He smiled so widely and I tried to mirror it, but I feared it was a dim approximation, and that made it falter even more because I knew I should want to smile just as wide.
Instead, I busied myself with the box sitting between us, which reminded me–
“Oh, before I forget,” I said, jumping to my feet, leaving Patrick sitting there with a bemused expression on his face.
I dashed out to the hall, rummaged through my bag and padded back into the living room, clutching the small parcel I’d brought with me, but not because I’d thought it would be weird to not get my–my boyfriend a present on Christmas, but just because it seemed like something he’d like.
“Here,” I said, holding out the messily wrapped present, warmth blooming across my cheeks. He smiled at me as if I’d handed him the keys to Buckingham Palace.
“You first,” he nudged my present back towards me as I sat down.
“Together?” I suggested instead, and he nodded in easy agreement.
I pulled the ribbon off the box as he tore into the wrapping paper. I pulled the lid off the box and found a scarf nestled inside. It was varying shades of grey shot through with silver. It looked like a storm cloud. I reached out to touch it. It was made of the softest wool, almost silk-like.
“I hope you like it,” Patrick said, and I raised my eyes to meet his where he watched me carefully. “You’re always forgetting yours. I hope the colour is alright, I saw it when I was in Covent Garden last week, and I thought it would suit you… Ky? Have I done something wrong? Was it the girlfriend thing?”
He leaned forward to touch my knee.
“No, no!” I waved my hands. “It’s perfect, I love it, really. It just reminded me of something. Must be the lighting,” I forced myself to chuckle. “I really do love it. Thank you.”
I leaned forward and pressed a kiss to his cheek.
“Was that alright?” I motioned at his hands, where he held his now-unwrapped gift. “The lady in the store said you lot are always losing the cards, but it seemed a bit silly to only get you those, so, I hoped–”
“I love it,” he cut me off, “thank you. And she was right, us photogs are always losing SD cards, but it’s not our fault. They ought to stop making them with legs, maybe they’d stop walking off. And this, I love this.” He held out the leather camera strap I’d gotten him.
“Well, you needed a new one,” I said, running my fingers over the scarf. I couldn’t seem to stop touching it. “Yours is falling to bits.”
“Thank you for noticing.” He grinned at me in a way I didn’t feel like I deserved.
“Merry Christmas, Thompson.” He leaned towards me, pressing his lips against mine.
It had been three years and twenty days since I’d left LA.
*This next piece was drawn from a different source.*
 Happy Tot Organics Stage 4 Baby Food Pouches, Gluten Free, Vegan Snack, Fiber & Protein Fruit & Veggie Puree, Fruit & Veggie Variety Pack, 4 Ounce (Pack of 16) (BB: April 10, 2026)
Flying back into LAX was like stepping back in time, except for the remnants of Covid that had left it’s mark. Tattered posters on the wall reminding people to keep six feet apart, unmanned hand sanitiser stations, and scuffed markings on the floor to show where to stand.
It was surreal to think about what life might have looked like, had I stayed until my contract expired. I would have seen it all happen here, instead of going home to my parents.
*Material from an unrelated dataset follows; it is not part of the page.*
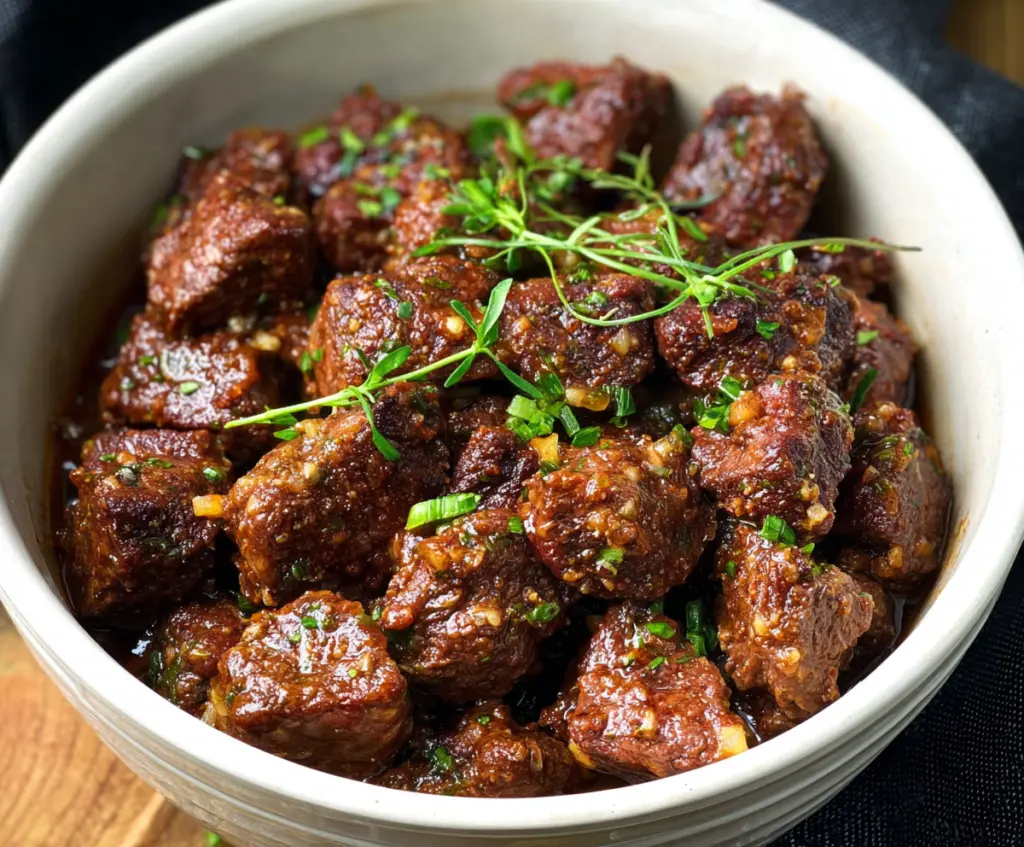 Delicious high protein garlic butter beef bites cooked in a slow cooker, perfect for a flavorful meal.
When I’d left LA, everything had been so different. I’d been different, and for a moment, as I stood marooned in a sea of people, the world seemed to glitch around me. For the barest moment, in the space between one heartbeat and the next, I was back there. In a world where I was leaving LA to make a life in Korea. It almost pulled me under. It would have, had someone not thrown me a life jacket.
“Babes!”
A petite, blonde pushed her way through crowds of people twice her size, looking for all the world like a gerbil digging a tunnel, until she tackled me.
“Oh shi-”
We tumbled to the ground in a heap of padded jackets and a once stolen duffle bag.
She was sobbing. Real, shoulder heaving sobs, clinging onto me as if she’d fall apart should she let me go, and even though I was winded, and possibly concussed, I reached for her, too.
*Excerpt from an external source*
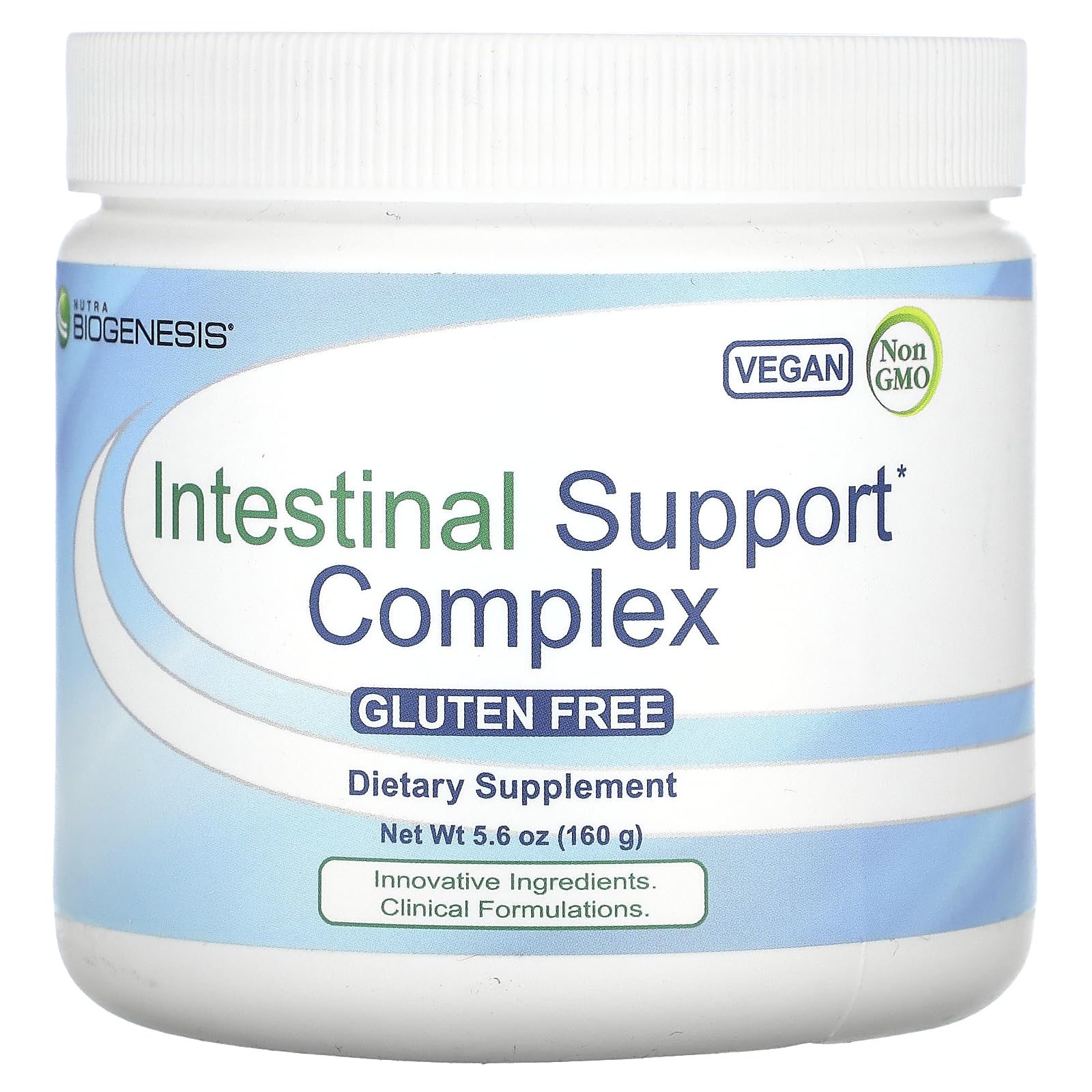 Nutra BioGenesis Intestinal Support Complex powder container with scoop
It was mad, but that’s where we stayed. At least, until an airport employee came and demanded we get up and leave.
Eventually, we were upright, and standing face to face for the first time in years, and it was simultaneously like yesterday, and like a thousand lifetimes ago that I’d laid eyes on her. I saw in her all the little ways that life had happened. Her new glasses, a scar on her chin that she’d gotten from falling while trying to learn how to rollerblade around the apartment. Even her hair was slightly less blonde.
But past all that, I saw the one person in my life that I would consider my soul mate. My best friend. The person I loved, even when I didn’t like her in that moment.
We didn’t speak for several minutes, and I knew she was seeing all the changes life had wrought on me, too.